As was mentioned in the discussion of the impact on the macroeconomy, the natural rate, which is consistent with potential growth rates, will decline if long-term growth rates decline together with a declining and aging population. There will be downward pressure on real interest rates as the natural rate declines. As a result, nominal interest rates consistent with their economic potential decrease, given that the inflation rates are constant. In a low interest rate environment, there is a greater risk that central banks will face the zero lower bound problem, as the starting point of monetary easing is to lower market interest rates below the neutral level of interest rates. We have invented various unconventional monetary policy measures to tackle this issue, such as negative interest rate policies, lowering of longer term interest rates, and depressing risk premiums by purchasing various assets based on experiences of past financial crises. Therefore, we now know we have the tools to stimulate the economy even when we face the zero lower bound problem. However, we need to carefully monitor and evaluate the effects of these unconventional measures on economic developments, prices, and financial conditions since the transmission mechanisms, benefits, and side-effects of these measures could be different from those of conventional monetary policy measures based on controlling short-term interest rates.

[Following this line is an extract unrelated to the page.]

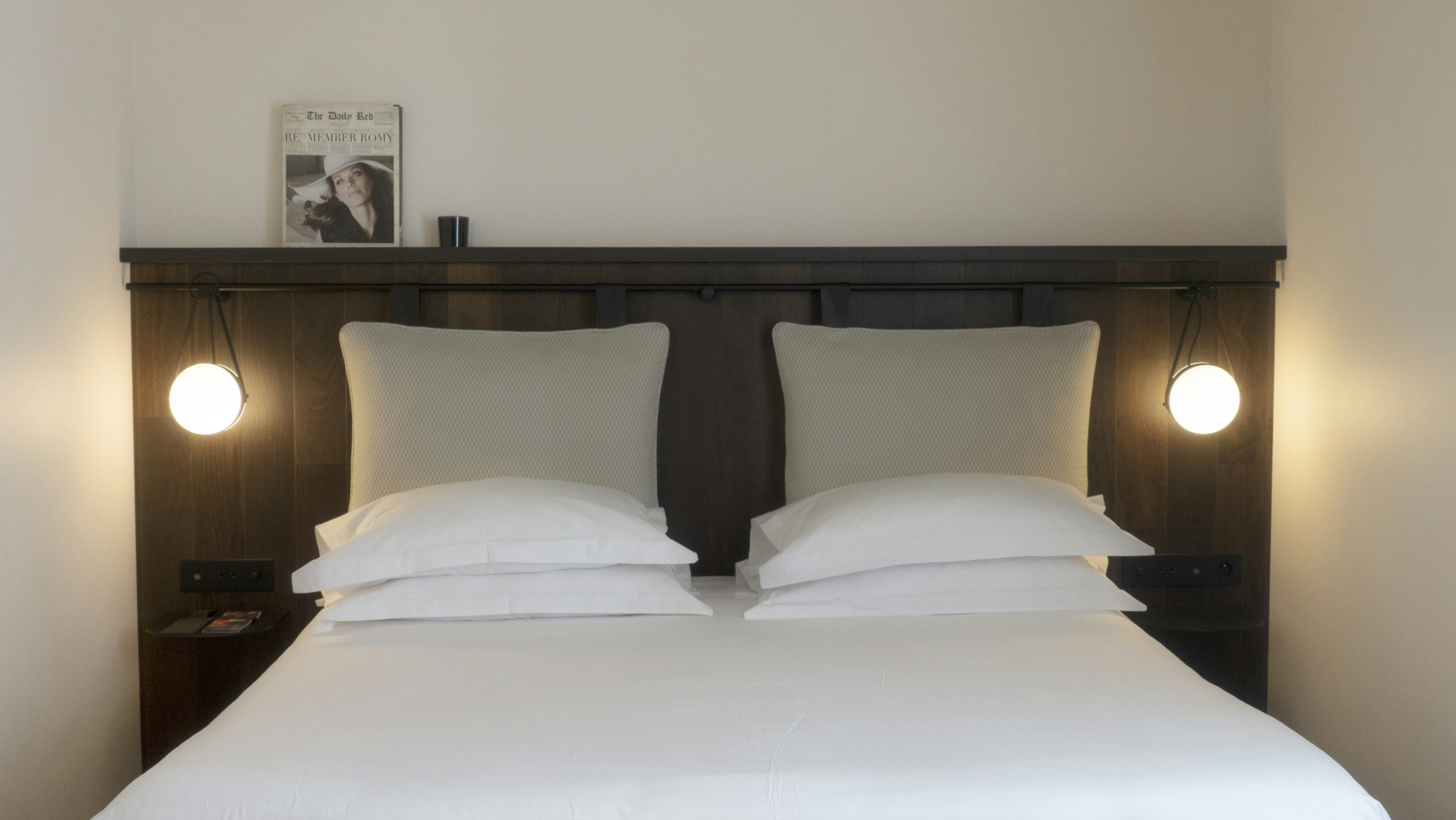 Hotel Bourg Tibourg 6/16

Following the experience of the Global Financial Crisis, in which central banks in many advanced economies faced the zero lower bound of short-term interest rates, some economists have proposed that central banks should set higher inflation targets and maintain higher nominal interest rates during normal economic periods in preparation for times of crisis. This suggestion has been discussed at various conferences, but no central bank has moved away from a global standard of the inflation target of 2 percent. It has been pointed out that one reason for this is the possibility that, since fluctuations in the inflation rate become more pronounced as inflation becomes higher, households and firms would find it difficult to make economic decisions.1,2,
In the face of an aging and declining population, a low interest rate environment may promote changes within financial systems and in the business models of financial institutions.3 As a low interest rate environment persists and credit demands become stagnant amid declining population, banks might accelerate their search-for-yield activities such as expanding their exposures to overseas assets and increasing loans and investments to firms with higher credit risks. If that were the case, the entire financial system could become less stable. From a longer-term perspective, there is a possibility that supply-side adjustments such as mergers and acquisitions might proceed.
On the other hand, demographic changes also promote innovation and positive changes within firms as they try to keep abreast of new trends. This creates new financial service needs, such as merger and acquisition activities and lending. A growing elderly population will lead to increasing business opportunities for life insurance companies, pension funds, and asset management firms, since elderly people need good financial management for their retirement. Policy makers need to manage prudential policy appropriately, taking into account the fact that the risk profiles of financial institutions could be dramatically transformed during times of demographic change.
As I have explained so far, there are various issues to be considered regarding demographic changes. Japan, the host of this year's G20 meetings, is facing the most aged society in the world. I consider it an important opportunity for us all, including Japan, to share and learn from each other's experiences and knowledge.
I would like to conclude my speech, with the hope that today's symposium will provide valuable input for subsequent meetings of the G20.
Thank you very much for your attention.